I’m filled with a little bit of anger. Bitterness at the fact that we’re no longer in alignment and had to separate. I wonder if he fulfilled me. Even though we argued, I felt full. Broken, but full. There’s so much we need to work on as individuals that until we heal these wounded parts of ourselves, we won’t work. And I’m starting to figure it out. Just hope he does in time too. Because I’m not waiting. I want to live my life.
I do miss him. I miss his big ass smile. I miss how he looked at me when he’s loving me. Such a soft smoldering gaze, one where I feel like he’s undressing me in his mind. I miss his childish giggle when he’s entertained. I especially miss the smirk and eye roll combo I got from him when I said something deliberately obnoxious or so fucking awesome that he couldn’t believe it so he had to roll his eyes at me. I felt such joy and freedom with him in those moments. I felt accepted and loved. I miss our long conversations. I really miss him pacing back and forth, sometimes in circles as he talked to his friend Zoo on the phone for hours. I miss how he did my bed every morning when he stayed over. And how he took the garbage out and changed the bags. I liked that quality in him. I miss gazing into his eyes and losing a sense of myself. We merged. I miss the feeling of triumph, when he and I had made progress in our relationship. I even miss his selfishness, the times he told me exactly how he wanted things and how they were gonna go cuz he wasn’t having it any other way.
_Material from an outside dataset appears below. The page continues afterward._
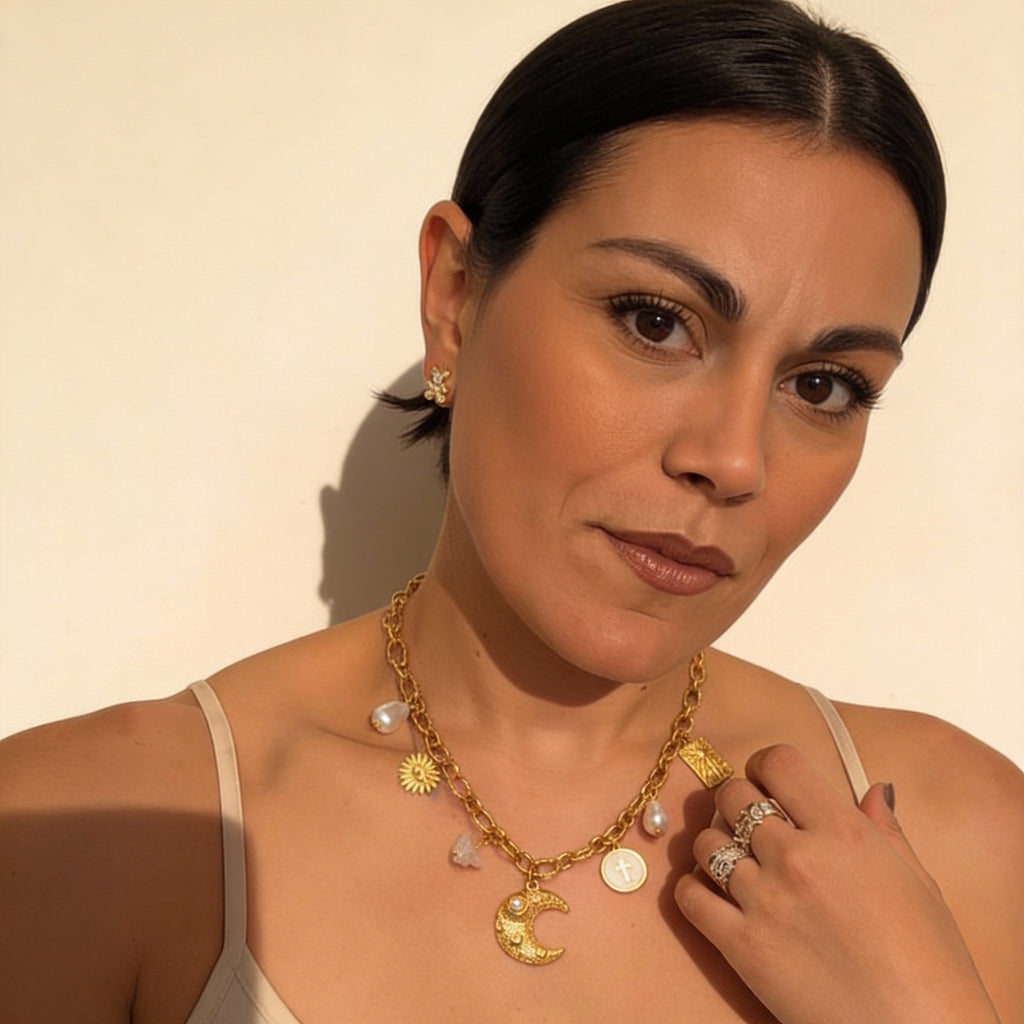 COLLANA IN ACCIAIO “MOON”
I’m willing to spend the rest of my life with him, I am. But I can’t do it without him being on the same page as me. Growth is constant change and if we’re going to be splitting up along the path then that’s an indication our energies repel each other. Which means, our hearts are in different places. And that’s OKAY. I don’t know why I feel so calm about this, even though there’s a tsunami happening inside me for the last couple of months. And if it means I find someone else along the way and during this process, so be it. Even though I have no desire to be with anyone else. At all. It’s the first time in my life where I’m not seeking attention from another man to make me feel good. My heart’s so closed. But what’s meant to be will be, and I’ve gotta accept the present moment and in this present moment, we are not together. There’s a reason for this. I trust the universe wholeheartedly.